The approval boundary is also provable: the CST is minted with a scope hash and can optionally pin to a WPC hash. That creates a tight linkage between “what was approved” and “what was allowed to run,” even if prompts or skills change.
Rollback posture
Rollback in agent systems is less about reverting code and more about quickly shrinking permissions and stopping unsafe execution. The artifacts here support “fail closed” defaults: if verification fails, the job should not gain more capability.
| Action | Safe rollback | Evidence |
|---|---|---|
| Bad tool behavior discovered mid-run | Issue a new, tighter WPC and require a new CST for continued execution; stop issuing CST for the old policy. | WPC hashes show exactly when the policy changed; proof bundle shows which policy was active for each job window. |
| Suspected credential leak | Revoke CST (via clawscope) and rotate upstream credentials; rerun the job under a new WPC with narrowed scope. | CST issuance and revocation events plus job-scoped binding reduce ambiguity about what could be replayed. |
| Model output dispute or incident review | Freeze the proof bundle and share it with incident responders; do not rely on reconstructed prompts from chat logs. | Gateway receipts provide a signed record of model calls; proof bundle ties receipts to a specific run. |
| Local host exposure concerns | Move execution to OpenClaw sandbox mode for that agent profile and remove elevated allowances until reviewed. | OpenClaw configuration and audit outputs document the effective sandbox and tool policy posture. |
FAQ
Why isn’t a “please ask for approval” prompt sufficient?

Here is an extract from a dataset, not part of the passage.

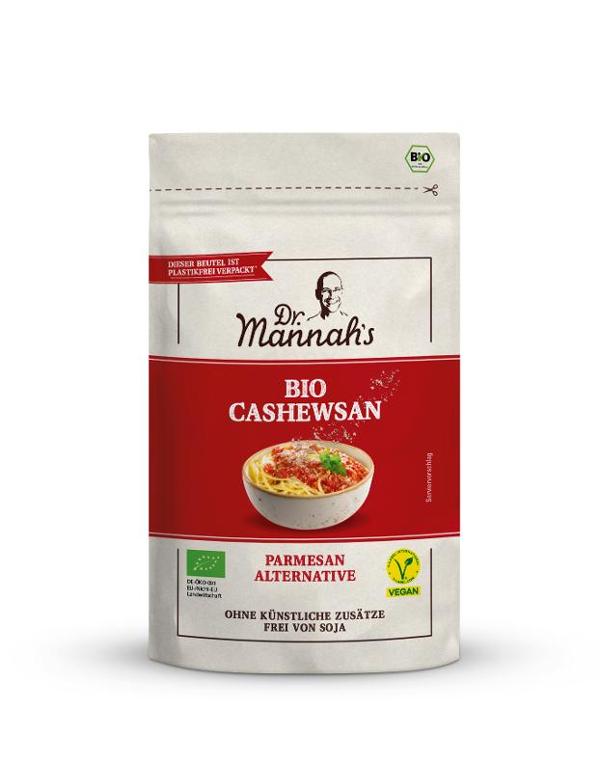 Produktfoto zu Cashewsan, die Parmesanalternative - 100g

Because the model can be persuaded to ignore it, and the runtime cannot verify that the prompt was followed. A WPC plus CST makes the approval decision part of the authorization path, not part of a conversation.
How do WPC and OpenClaw tool policy relate?
OpenClaw tool policy and sandboxing are local controls that limit what tools can run and where they run. WPC is the portable, signed contract that lets your platform enforce and audit the intended permissions across jobs and environments.
What should we pin in the CST: scope hash, policy hash, or both?
Start with scope hash to keep tokens minimally privileged. Add policy hash pinning when you need stronger guarantees that a job cannot switch policies without re-approval.
Do gateway receipts capture everything the agent did?
No. Gateway receipts cover model calls routed through clawproxy, which is often the critical evidence during reviews. Tool execution evidence is typically handled by the runtime and your logging pipeline; the proof bundle is the container that keeps model-call evidence and run metadata together.
Can we align this with enterprise approval patterns like deployment checks?
Yes, conceptually. Many teams map WPC signing and CST issuance to the same governance expectations as pipeline approvals and checks, where the approval gate is not editable by the job itself.